= Wilbur D. May Center =

Museum and garden in Reno, Nevada, US

The Wilbur D. May Center is an attraction located in Rancho San Rafael Regional Park at 1595 North Sierra, Reno, Nevada. The facility comprises the Wilbur D. May Museum and the Wilbur D. May Arboretum and Botanical Garden. Previously, it also included the Great Basin Adventure, a children's park.

==Wilbur D. May Museum==
The museum features the antiques and collectibles belonging to Wilbur D. May. Born on December 28, 1898, Wilbur May was the third son of David May, founder of The May Department Stores Company. Wilbur was a rancher, pilot, artist, philanthropist, and world traveler who lived in Reno from 1936 to his death on January 20, 1982. The museum's collection derives from over 40 trips Wilbur made around the world, and include Tang dynasty pottery, African masks, statues, and artwork, Inuit scrimshaws, Egyptian scarab figures, Greek icons, wildlife dioramas and a shrunken head from South America. Also featured is a recreation of the living room, bedroom, tack room, and big game trophy room from Wilbur's 2600 acre Double Diamond Ranch in South Reno.

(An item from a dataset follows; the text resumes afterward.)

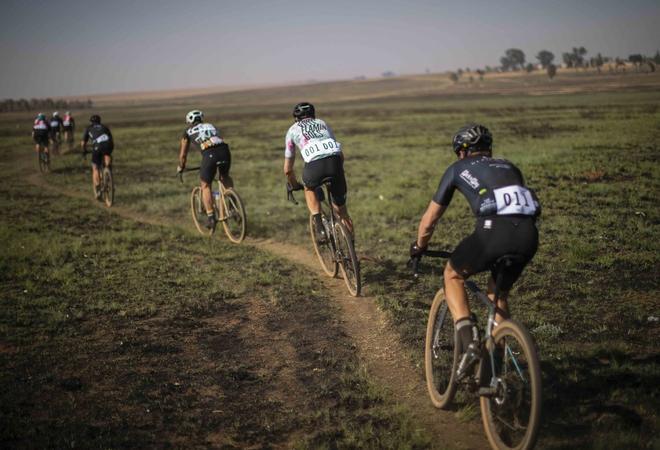 Un grupo de ciclistas líderes montan juntos en una sola pista durante la carrera inaugural de bicicletas de fondo de grava SouthxSoutheast en los caminos de tierra abiertos al sur de Johannesburgo, Sudáfrica.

In addition to the museum's permanent collection, it also hosts traveling exhibits throughout the year on a variety of subjects. Previous exhibits have included "Predators," "Sherlock Holmes," and "Toytopia." The museum also includes an art gallery with rotating shows from local and regional artists, and a museum store featuring many fair-trade items from around the world. There is an admission fee for the museum, which is operated by the Washoe County Regional Parks and Open Space.

==Wilbur D. May Arboretum and Botanical Garden==
The Wilbur D. May Arboretum and Botanical Garden covers 13 acre is an arboretum and botanical garden that is open to the public year-round without charge from sunrise to sunset. The site is located at an elevation of 4600 ft in a transitional zone between the Sierra Nevada and the Great Basin Desert. It receives an average annual precipitation of 7 in, daily temperature varies 50 °F or more, and the growing season is less than 100 days. The Arboretum is a member of the American Public Garden Association and certified as a Level II Arboretum. It is maintained by two full time horticulturists and the May Arboretum Society, a non-profit volunteer-run group.

The garden's primary purpose is to demonstrate gardening in the high desert environment. It includes the following areas:

- Burke Garden - modeled upon an English country garden, with elm trees and perennials in bloom from early May through September, including iris, bleeding heart, delphinium, foxglove, lupine, and campanula.
- Dixie's Plaza Garden - contains perennials and annuals.
- Honey's Garden - contains yellow and white flowering shrubs and roses, with waterfall and pools.
- Songbird Garden - contains aromatic flowers, seeds, and fruits, attracting many native birds.
- Evans Creek flows through the middle of the site. It originates from snowmelt and springs on Peavine Mountain, and flows onward to the Truckee River and then to Pyramid Lake.